L’envie et le besoin du collectif

Ces médias s’adressent certes à un public déjà sensibilisé aux adaptations à venir, mais leur audience s’est progressivement diversifiée. « Au début, on était un peu dans l’entre-soi. Traiter de sujets variés sur la santé, la solidarité et l’habitat, ou de ce qui se passe dans les quartiers avec des associations a permis à des publics différents de nous rejoindre », note Nathalie Cahen, cofondatrice du média en ligne Marcelle. Né il y a quatre ans à Marseille à l’initiative d’un groupe de journalistes qui voulaient donner plus de sens à leur travail, il s’est depuis élargi aux réalisations d’autres régions. Parmi les plus fortes audiences : des articles sur la vie en yourte dans le Vaucluse, Marseille capitale de l’architecture et de la ville désirable ou un test autour de l’appli Too Good To Go. « Nos lecteurs apprécient de trouver une approche moins anxiogène que dans d’autres médias, mais ni bisounours ni béni-oui-oui. Chaque sujet part d’une problématique en montrant qu’il y a une solution ou une ouverture. Les témoignages et portraits inspirent, montrent qu’agir est à la portée de tous et incitent à aller voir plus précisément le travail des associations, poursuit-elle. Aujourd’hui, le public a davantage envie de jouer collectif. Être nombreux à faire des petits pas et des petits gestes permet de garder espoir, se motiver et se réconforter. » Une dynamique qui n’est pas sans rappeler la fable du colibri…

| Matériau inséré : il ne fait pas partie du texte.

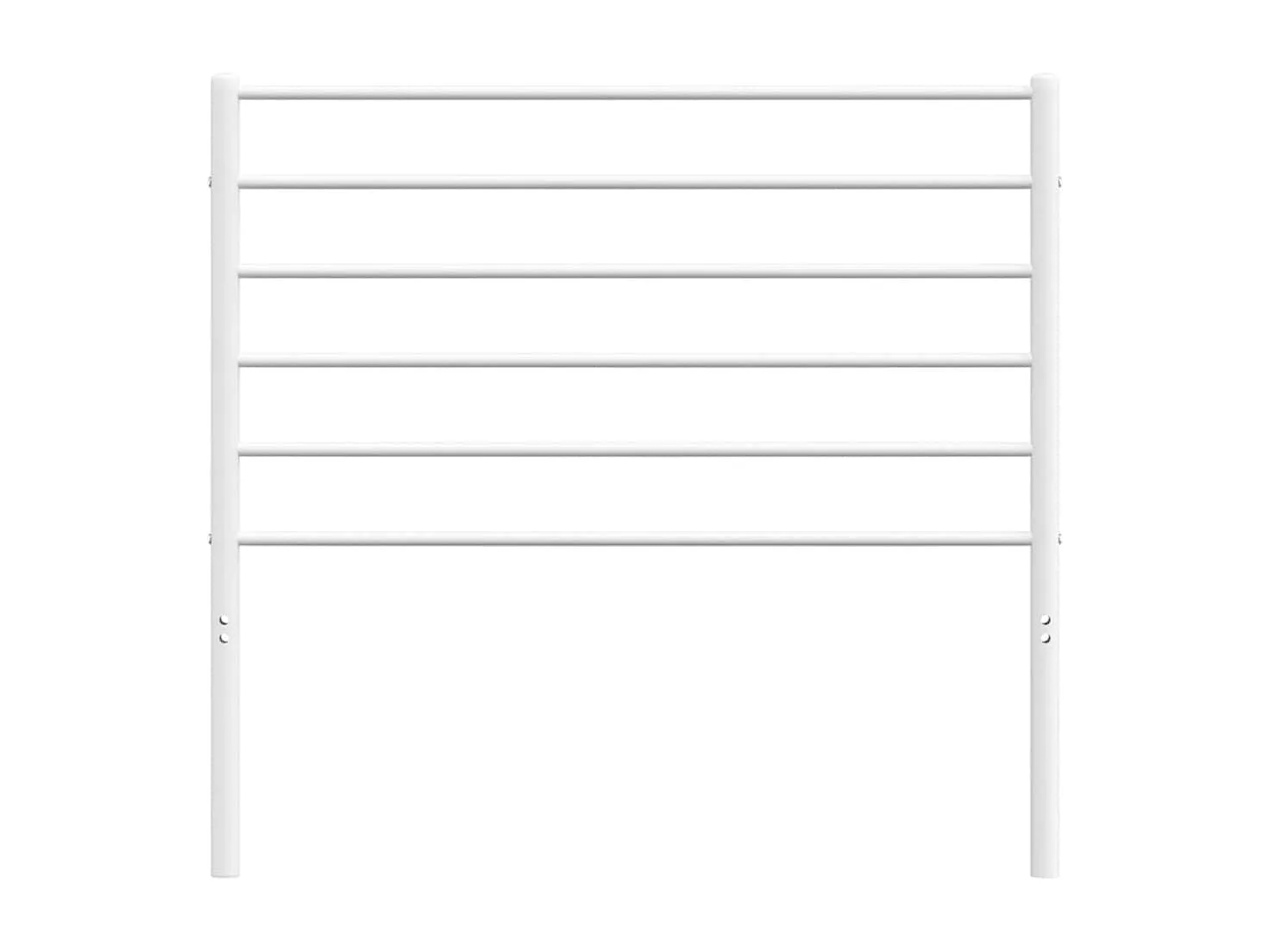 Tête de lit métal blanc 100 cm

Pour passer de la parole à des pratiques plus fortes et plus nombreuses, Kaizen a opté en 2019 pour une écologie « sociale et intégrale » : « Le discours est devenu plus incisif, car au-delà de la prise de conscience, la situation continuait de s’aggraver en termes climatiques et de biodiversité », relate son rédacteur en chef Pascal Greboval. Pas facile pour autant d’accompagner un lectorat déjà averti dans ses demandes et sa propension à évoluer : « Chez les écolos, il y a cinquante nuances de vert. Les attentes sont très variées. Il ressort malgré tout une quête d’autonomie ; les gens préparent une forme de résilience parce que le monde d’après ne ressemblera plus à celui d’hier en termes d’accès à l’énergie. Cela se double d’une quête de sens et parfois même de spiritualité », témoigne-t-il. Il en veut pour preuve l’accueil très favorable fait au hors-série publié au printemps 2022 sur Hildegarde de Bingen, moniale allemande du Moyen Âge et pionnière de la naturopathie.

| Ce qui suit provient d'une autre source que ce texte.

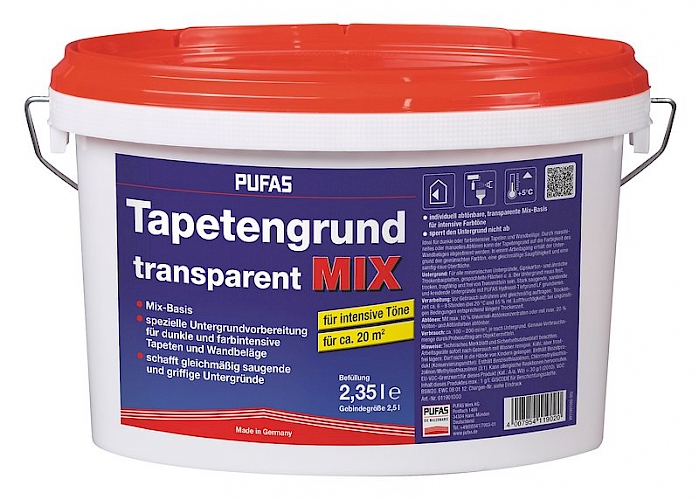 Pufas Tapetengrund weiß TW8 10 l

« Seul un ménage à trois pourra faire bouger les lignes. Aujourd’hui, le citoyen bouge à la marge, les entreprises pas trop et les pouvoirs publics pas suffisamment. »

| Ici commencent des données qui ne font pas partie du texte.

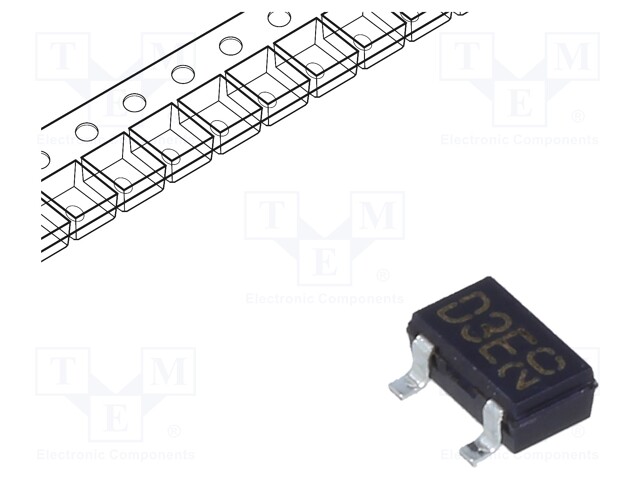 Diode: Schottky rectifying; SMD; 20V; 0.5A; Ufmax: 0.5V; SOT346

Compte tenu de l’urgence, l’environnement tient une place très importante dans la plupart de ces médias. Le souci d’éclairer le public sur des enjeux complexes se heurte moins à une capacité à faire œuvre de pédagogie qu’à des freins qui tiennent au caractère et à la culture de chacun – notamment sur le rôle de l’innovation – ou au modèle économique et social. « Seul un ménage à trois, entre les pouvoirs publics, le citoyen et l’entreprise, pourra faire bouger les lignes, assure Jean-Dominique Siegel. Aujourd’hui, le citoyen bouge à la marge, les entreprises pas trop et les pouvoirs publics pas suffisamment. Nous n’aurons pourtant pas d’autre choix que de prendre des décisions plus radicales. » Kaizen aimerait y contribuer en renforçant ses propositions pour une autonomie « pratique », sur un territoire, une région ou sur le plan intellectuel. Car, affirme son rédacteur en chef, « se rendre compte que l’on n’est finalement pas si dépendant d’un système augmente la marge de manœuvre pour agir ».

Au début de la crise sanitaire, le « monde d’après » avait fait couler beaucoup d’encre. Face aux défis d’envergure systémique, les médias comptent jouer leur rôle pour rendre intelligible et désirable la transition vers des modèles plus responsables.